For that’s where this story is set: the world of moonshine. Lulu is beyond ready to escape the tiny town of Dale. She’s a great student and a “good girl” and has been accepted into college in far-away San Diego. Lulu has only one summer left in Dale, but her father, who has always encouraged her to broaden her horizons, has some awful news. Due to some bad investing, her college tuition is gone. She’s going to have to stay. Stay in Dale, stay at the junkyard where she works, stay home with her mother who can’t leave the house and her father who is traveling most of the time for his job.
She just can’t. Can’t give up her dreams, her plan, her exit.
So one day, when she realizes that she forgot to log in the arrival of a brand-new still at the junkyard/tow yard, she talks her best friend, Roni and Roni’s boyfriend into making money by “borrowing” the still and selling moonshine. They’ll make tons of money over one summer, and the money will give all of them the freedom to have the choices that they don’t have now. As luck would have it, the son of a long line of bootleggers gets into Lulu’s orbit, and he seems to be the missing piece to their enterprise. Lulu has made it clear to everyone that she’s leaving Dale forever, but she never counted on the intense feelings she has for the damaged Mason.

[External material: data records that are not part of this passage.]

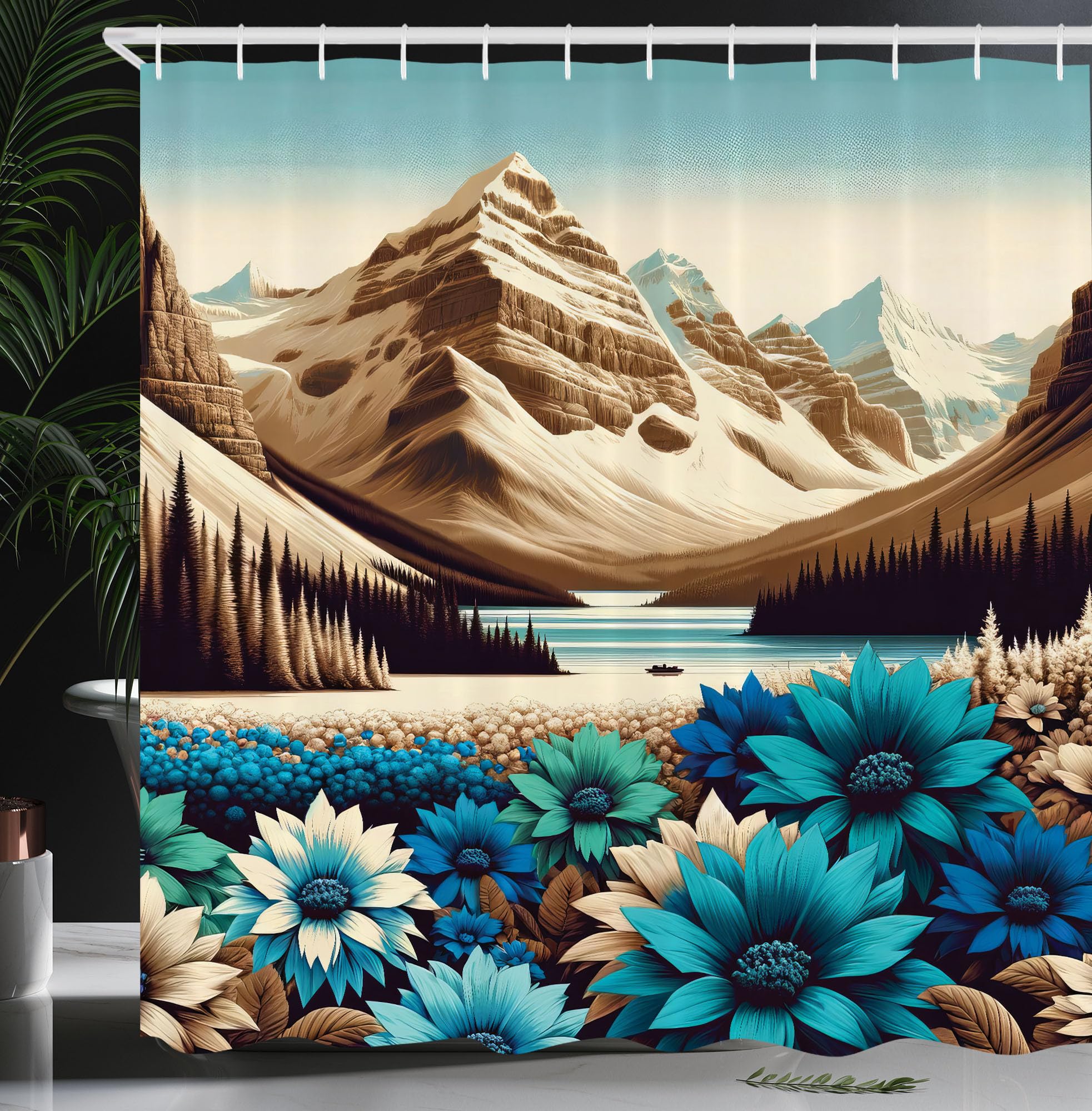 Ambesonne Lake Shower Curtain, Art Of Mountain Scene With Icy Tone Sunflowers Meadow And Dark Woodland, Cloth Fabric Bathroom De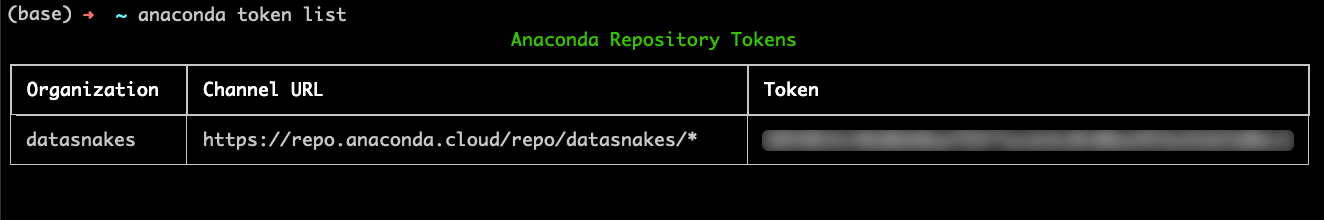 Command return for anaconda token list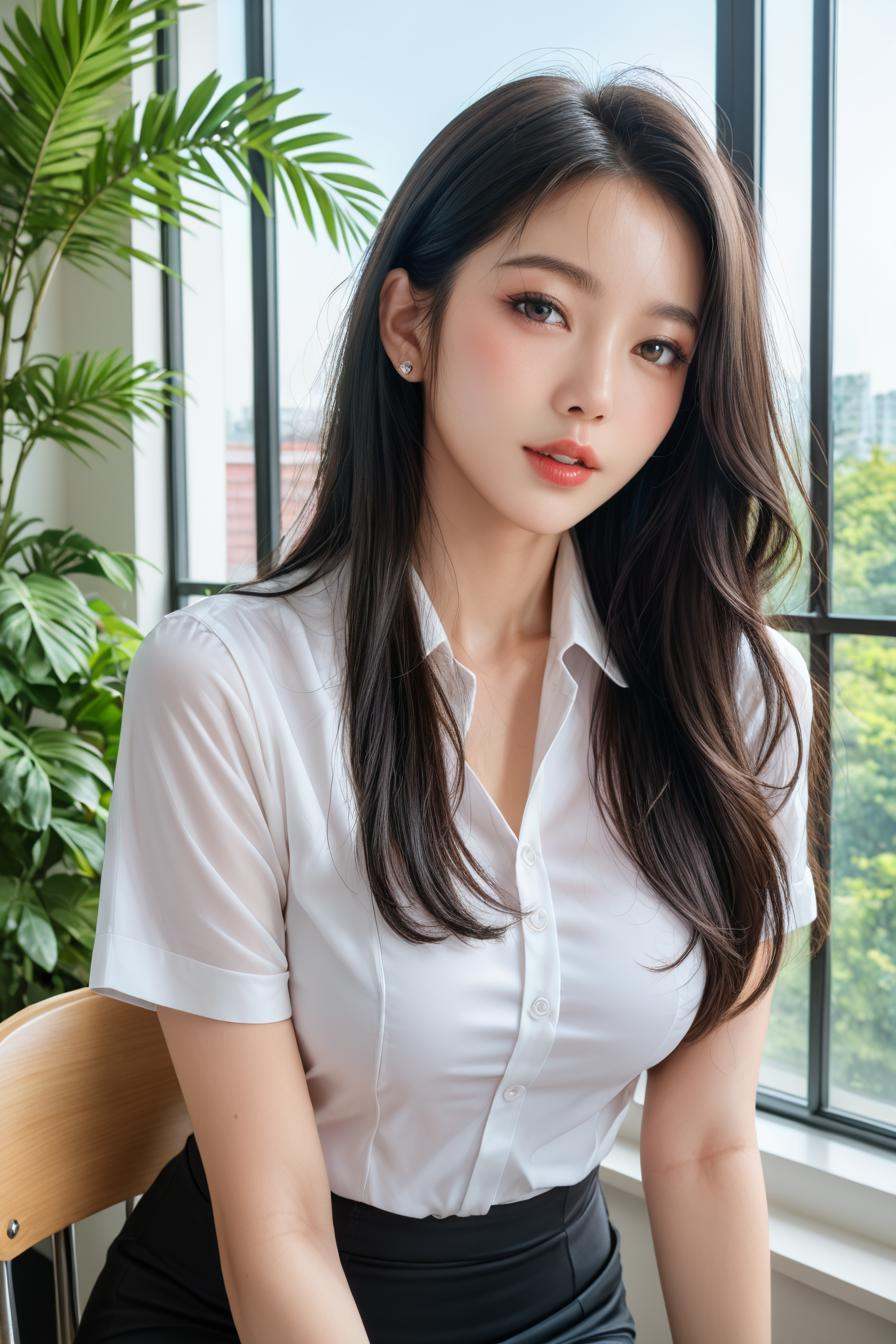 a stunning real medium breasts Korean woman with long,  flowing dark hair,  her piercing gaze directly addressing the view...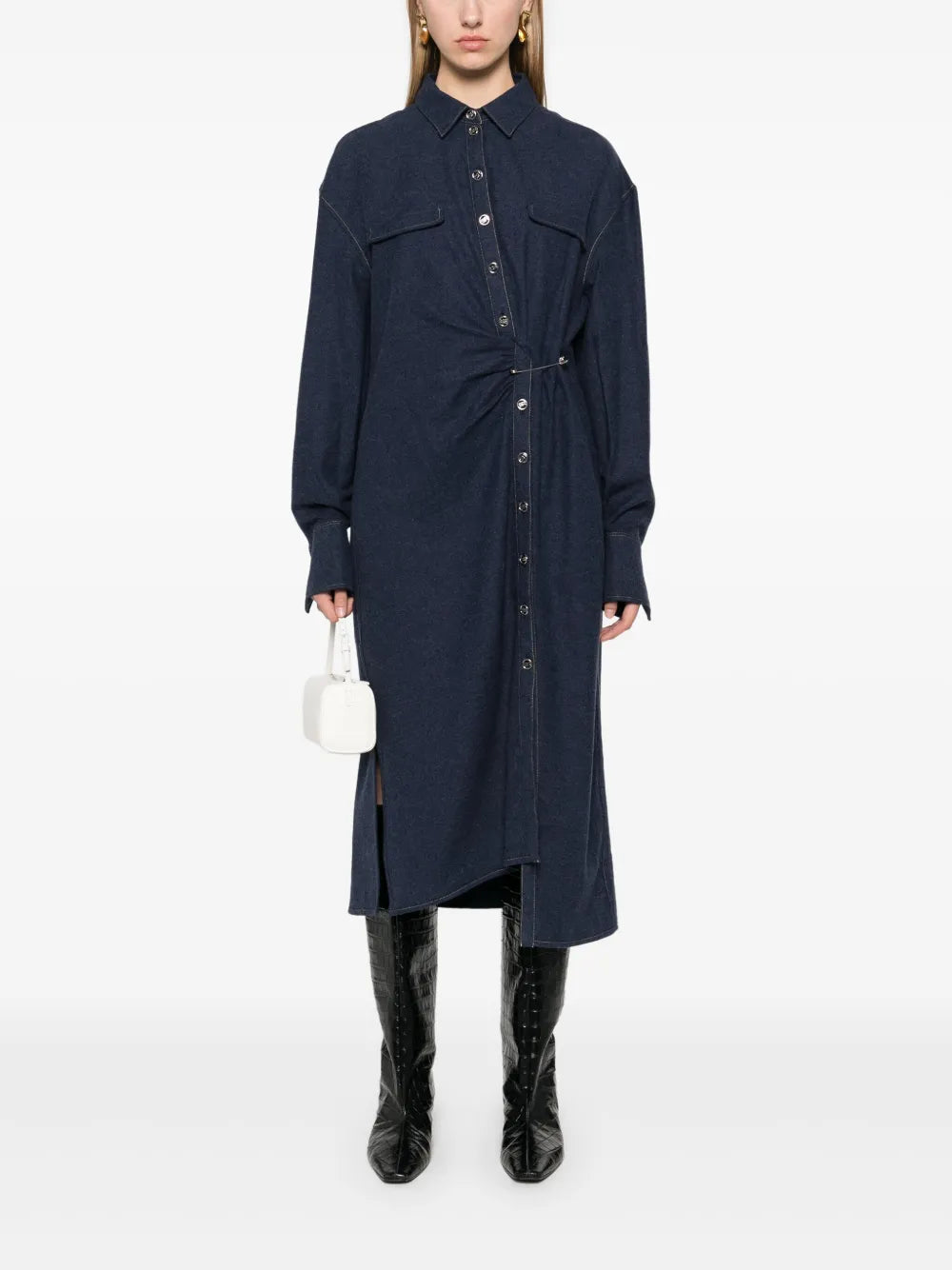 Cotton Flannel Midi Dress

The story is written like a letter from Lulu to Mason. This ups the ante a bit, meaning, you don’t know if one of them is in jail, dead, on a bender or in rehab. It also adds to the ominous feeling that it won’t be a happy ending. As obvious (and stupid) as this sounds, however, you really have to read to the end to know how it ends. There aren’t any pages wasted at the close.
This is a story of second chances, of dreaming, of looking beyond. It is also about being OK where you are…even if it is only for the present.
My Best Everything by Sarah Tomp was published March 3, 2015 by Little, Brown Books for Young Readers. A free copy of this book was given to Ink and Page in return for an honest review. Big thanks to the author, publisher and NetGalley.
Genre: Young Adult/New Adult Fiction Contemporary Romance
Ages: 14 and up
FYI: This book is about making moonshine and contains references to underage drinking, alcoholism, and sex.